Tal limite é a perturbação ao sossego, saúde,
segurança e aos bons costumes daqueles que compartilham a copropriedade, além
das limitações impostas pelo direito de vizinhança (art. 1.277 e1.336, IV, do
CC). E ainda na Teoria da pluralidade dos
direitos que é a limitação ao exercício do direito de propriedade em função
da supremacia do interesse coletivo daqueles condôminos (em geral) diante do
direito individual de cada condômino.
É licito ao proprietário emprestar a sua
unidade, ocupá-la pelo número de pessoas que julgar conveniente, seja a título
gratuito ou oneroso, não cabendo ao condomínio regular tal prática, salvo se a
mesma estiver interferindo na rotina do prédio, ou seja, causando perturbação
ao sossego, à saúde, à segurança, aos bons costumes, ou estiver desviando a
finalidade do prédio.
Desta forma, a locação por meio de um site
comercial por si só não infringe a lei de locações.
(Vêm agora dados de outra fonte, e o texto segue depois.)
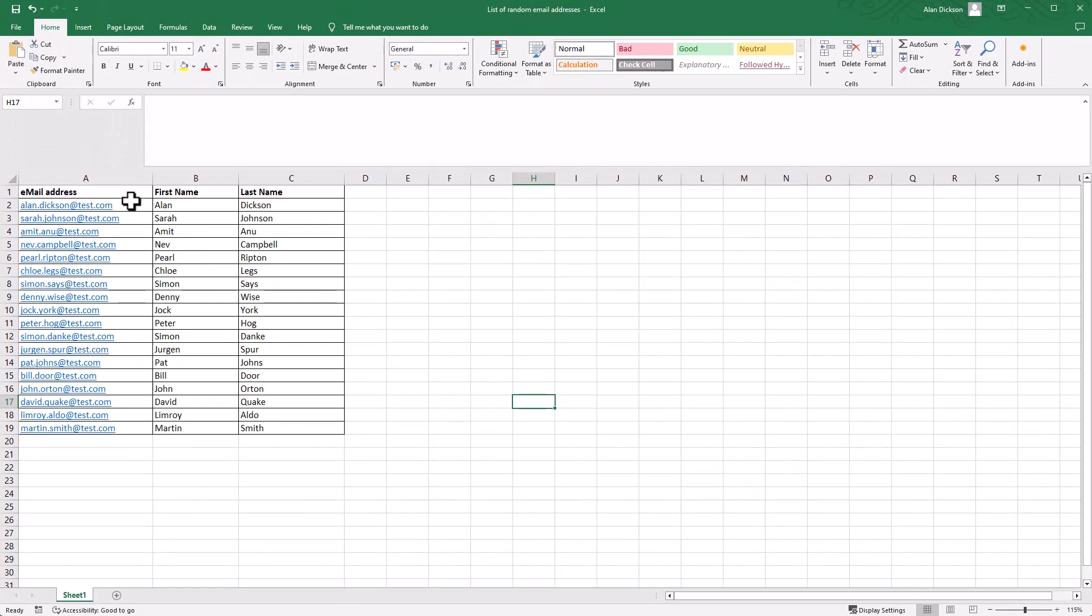And there you have it. It's removed all of those blanks. As I say, that would happen if you had 100 blanks, 1,000 blanks, or 10,000 blanks. It still works in exactly the same principle. So it's a real quick time saver there.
O que desobedece a
legislação e a Convenção do Condomínio no caso em questão, é a mudança de
finalidade da edificação.
Insta destacar que é dever de todo condômino dar às
suas partes a mesma destinação que tem a edificação (art. 1.336, IV, do CC) e
locar o bem por dia, é característica dos meios de hospedagem e depende de
enquadramento específico, consoante Decreto 84.910, de 15 de julho de 1980, e
fazê-lo desvia a finalidade de um edifício estritamente residencial, além de
não cumprir os requisitos descritos na lei que disciplinam a hospedagem.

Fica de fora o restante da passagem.